Question

Consider the function f(x)=6sin(x-pi/8)+8. What transformation results in g(x)=6sin(x-7pi/16)+1?​

Answer 1

Answer: we have a vertical shift of 7 units down, and a horizontal shift of 5*pi/16 units to the right.

Step-by-step explanation:

First, let's define the transformations:

Vertical shift.

If we have a function f(x), a vertical shift of N units is written as:

g(x) = f(x) + N

This will move the graph of f(x) up or down a distance of N units.

if N is positive, then the shift is upwards

if N is negative, then the shift is downwards.

Horizontal shift.

If we have a function f(x), a horizontal shift of N units is written as:

g(x) = f(x + N)

This will move the graph of f(x) to the right or left a distance of N units.

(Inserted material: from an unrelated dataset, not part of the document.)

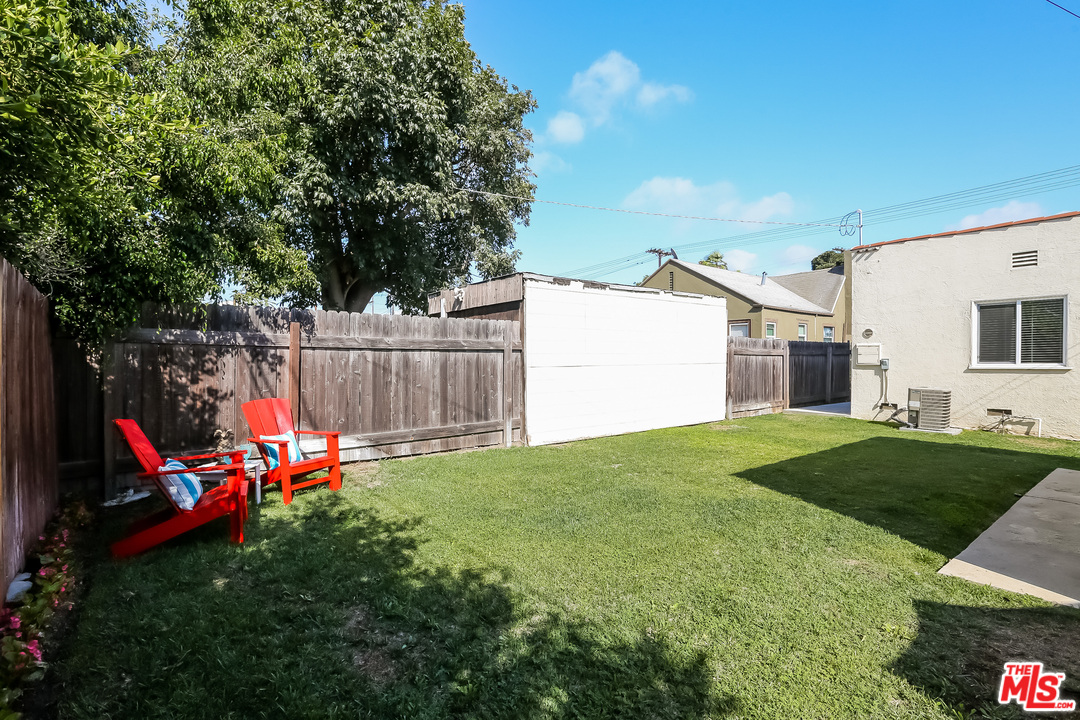 10737 Charnock Road Los Angeles, CA 90034 - Photo 16 of 28 Gallery Image 16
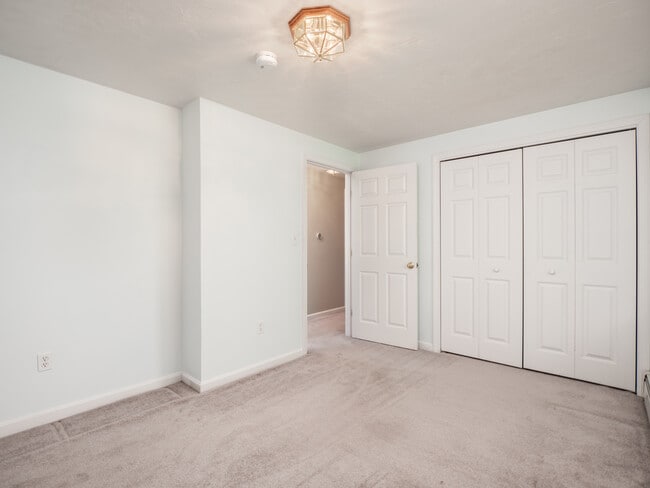 Bed 1 - 90A Loxwood St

if N is positive, then the shift is to the left

if N is negative, then the shift is to the right.

Here we have:

f(x) = 6*sin(x - pi/8) + 8

and the transformed function:

g(x) = 6*sin(x - (7/16)*pi) + 1

We can assume that the transformations are a vertical shift of A units, and an horizontal shift of B units, then we can write:

g(x) = f(x + B) + A

g(x) = 6*sin(x + B - pi/8) + (8 + A) = 6*sin(x - (7/16)*pi) + 1

Then we must have that:

(x + B - pi/8) = x -  (7/16)*pi

B - pi/8 = -(7/16)*pi

B = -(7/16)*pi + pi/8 =  -(7/16)*pi +2*pi/16 = (-7 + 2)*pi/16 = -5*pi/16

And we also must have that:

8 + A  = 1

A = 1 - 8 = -7

Then the transformation is:

g(x) = f(x - 5*pi/16) - 7

This means that we have a vertical shift of 7 units down, and a horizontal shift of 5*pi/16 units to the right.